Your instructions: Required from the data below: the exact lines starting at the line containing "ダイキン　冷凍庫　冷凍ストッカー　家庭用　100V　LBFD1AAS" and ending at the line containing "Littlemilfgela on BongaCams", with both ends kept and all pictures dropped.

-- Study material follows --

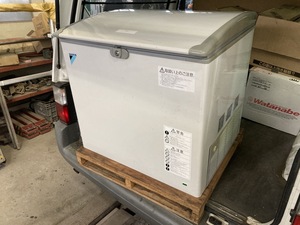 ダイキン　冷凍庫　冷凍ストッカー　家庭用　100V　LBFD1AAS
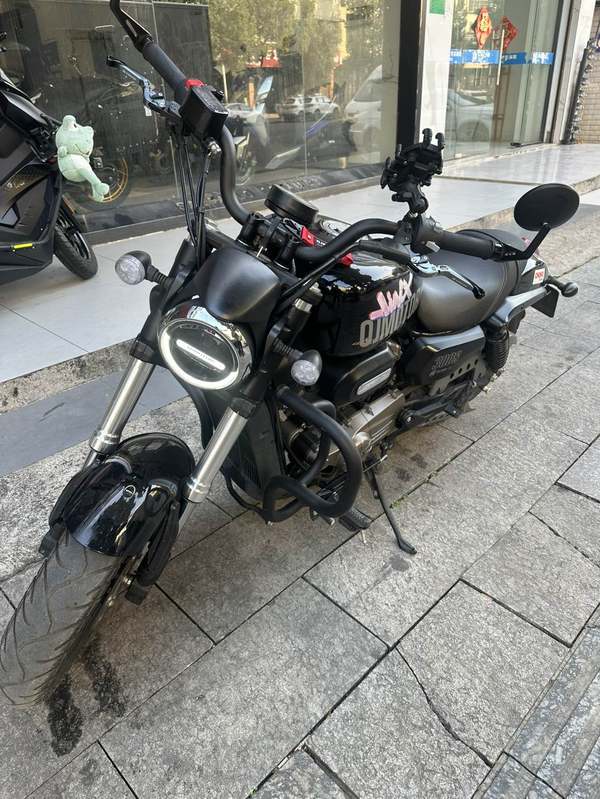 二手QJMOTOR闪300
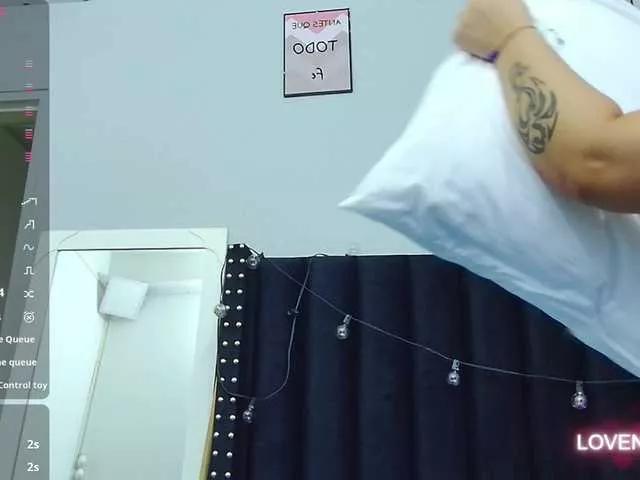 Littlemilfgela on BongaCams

-- Study material concluded --
-- Study material follows --

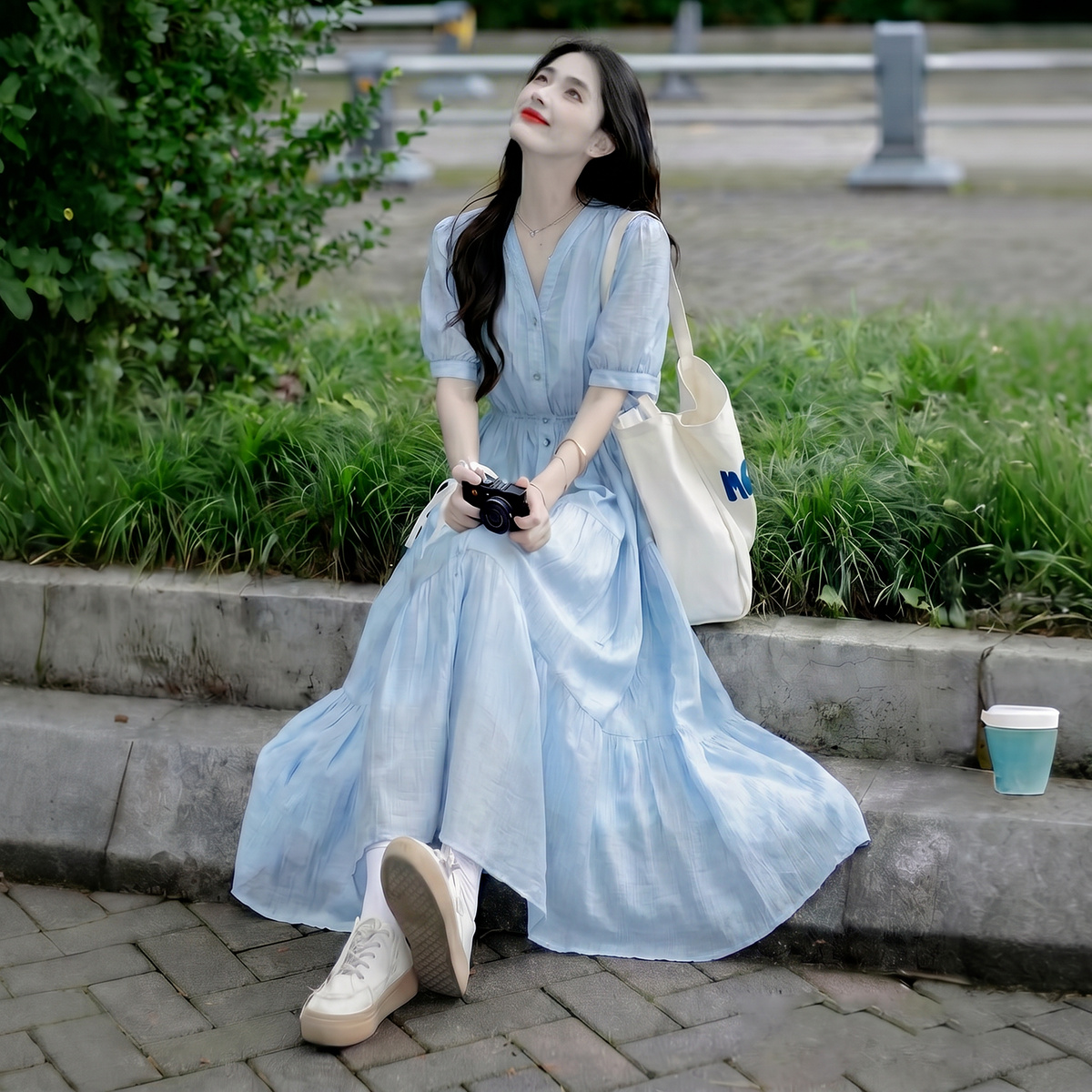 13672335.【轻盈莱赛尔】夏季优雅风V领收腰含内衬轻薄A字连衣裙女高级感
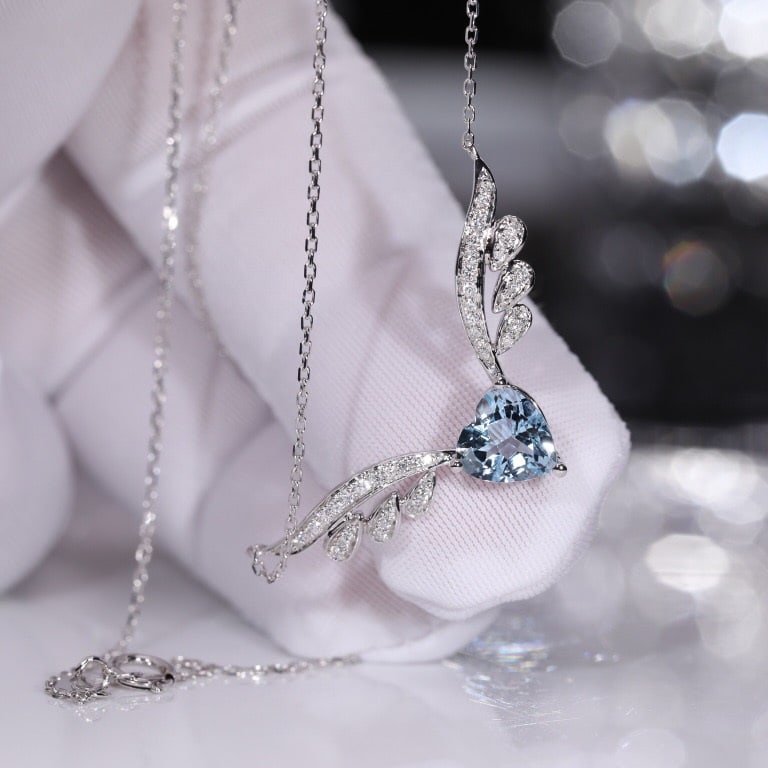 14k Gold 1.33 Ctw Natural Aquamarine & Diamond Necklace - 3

-- Study material concluded --
-- Study material follows --

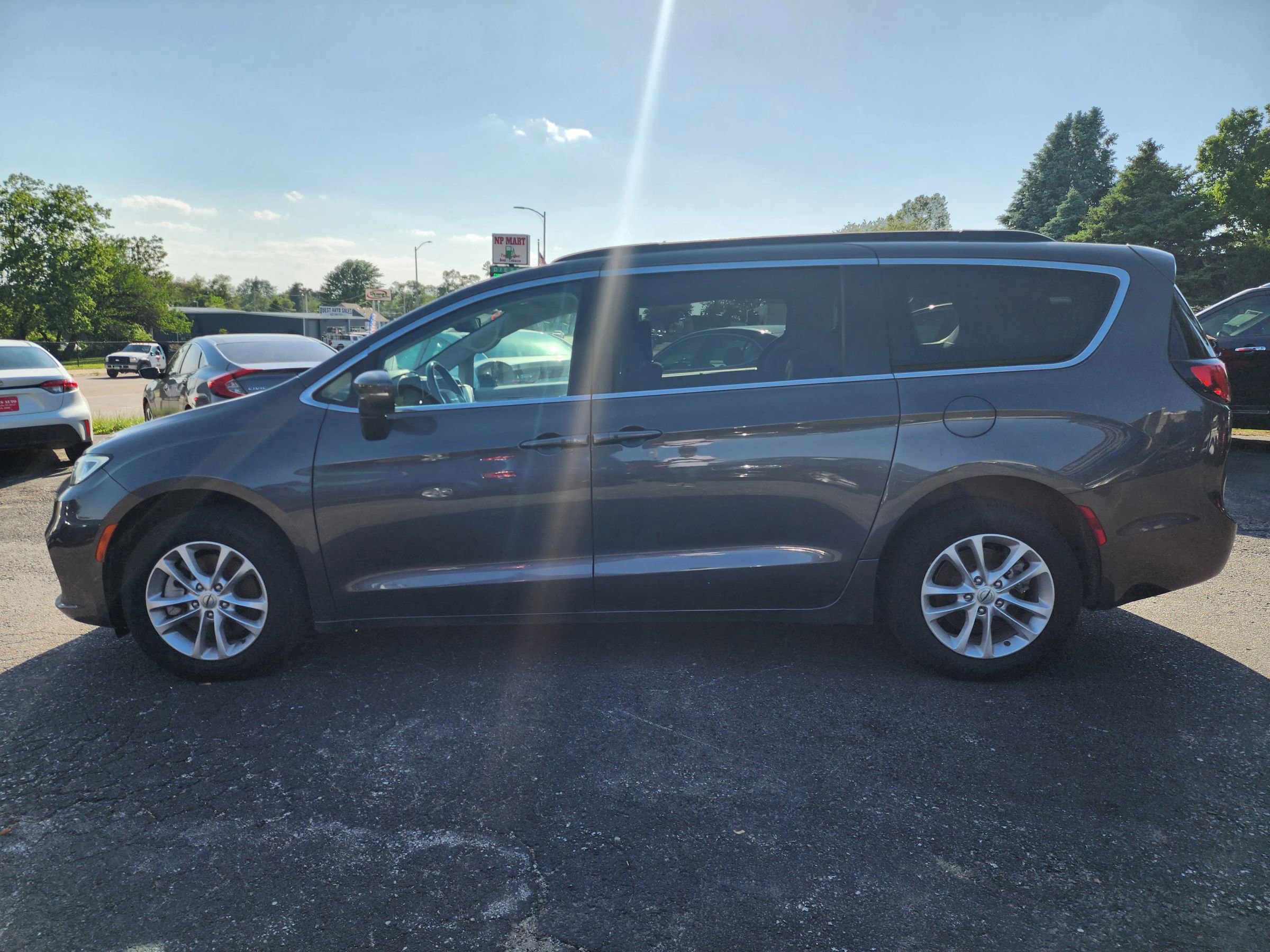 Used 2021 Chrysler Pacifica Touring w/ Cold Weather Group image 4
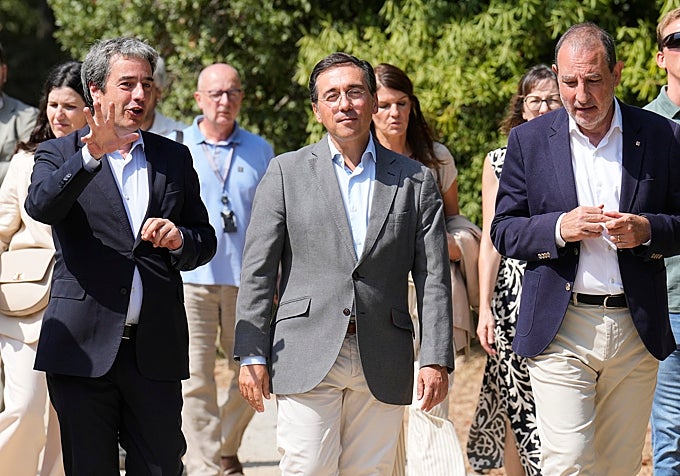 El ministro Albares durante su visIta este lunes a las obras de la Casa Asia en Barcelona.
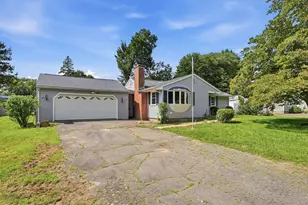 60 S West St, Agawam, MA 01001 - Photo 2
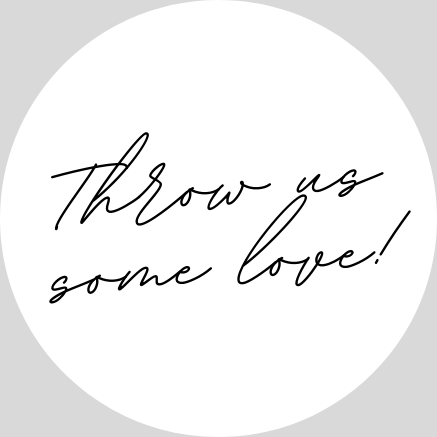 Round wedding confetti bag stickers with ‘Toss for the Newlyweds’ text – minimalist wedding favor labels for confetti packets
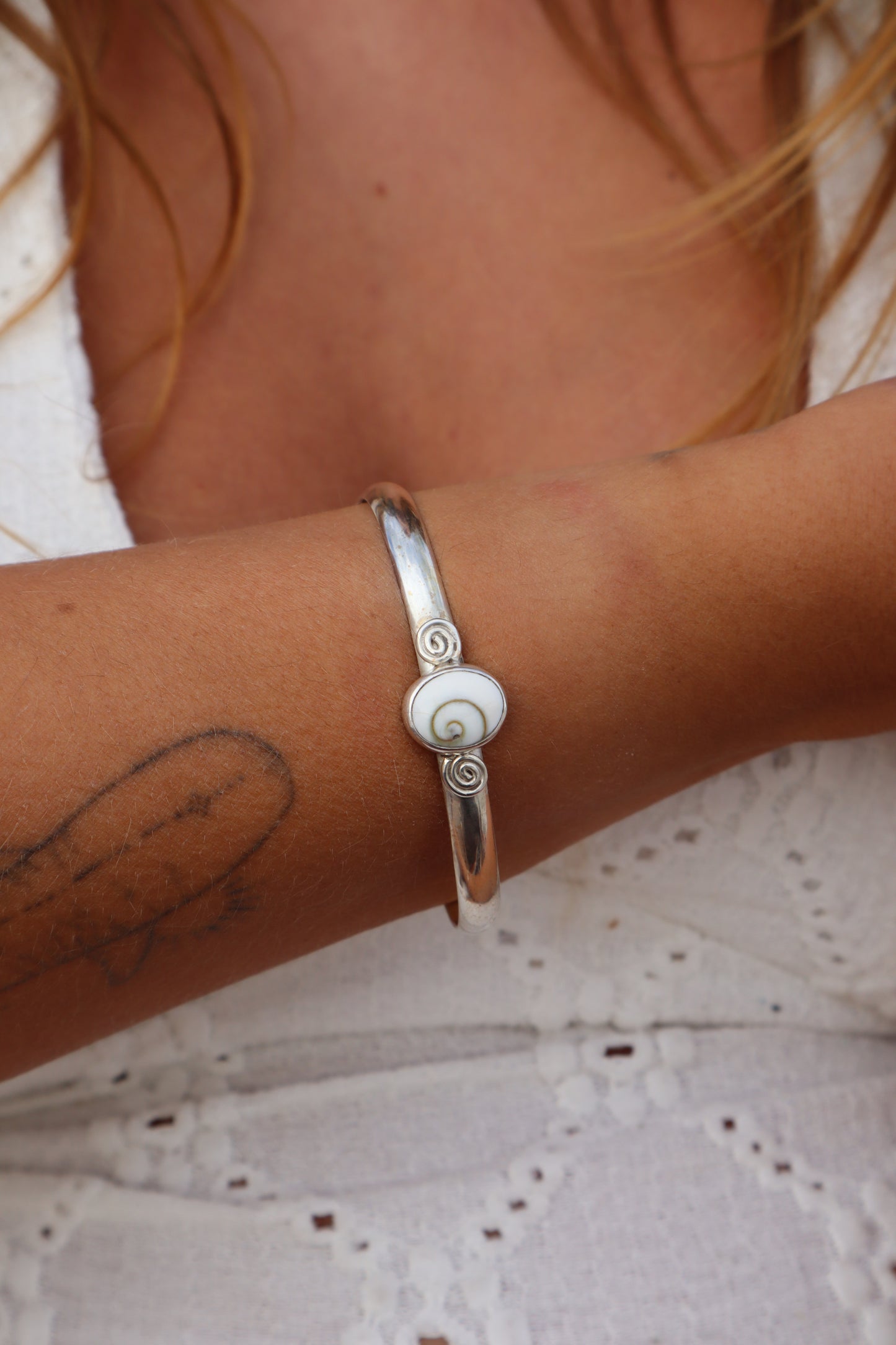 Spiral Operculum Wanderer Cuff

-- Study material concluded --

Reply to the exercise:
 ダイキン　冷凍庫　冷凍ストッカー　家庭用　100V　LBFD1AAS
 二手QJMOTOR闪300
 Littlemilfgela on BongaCams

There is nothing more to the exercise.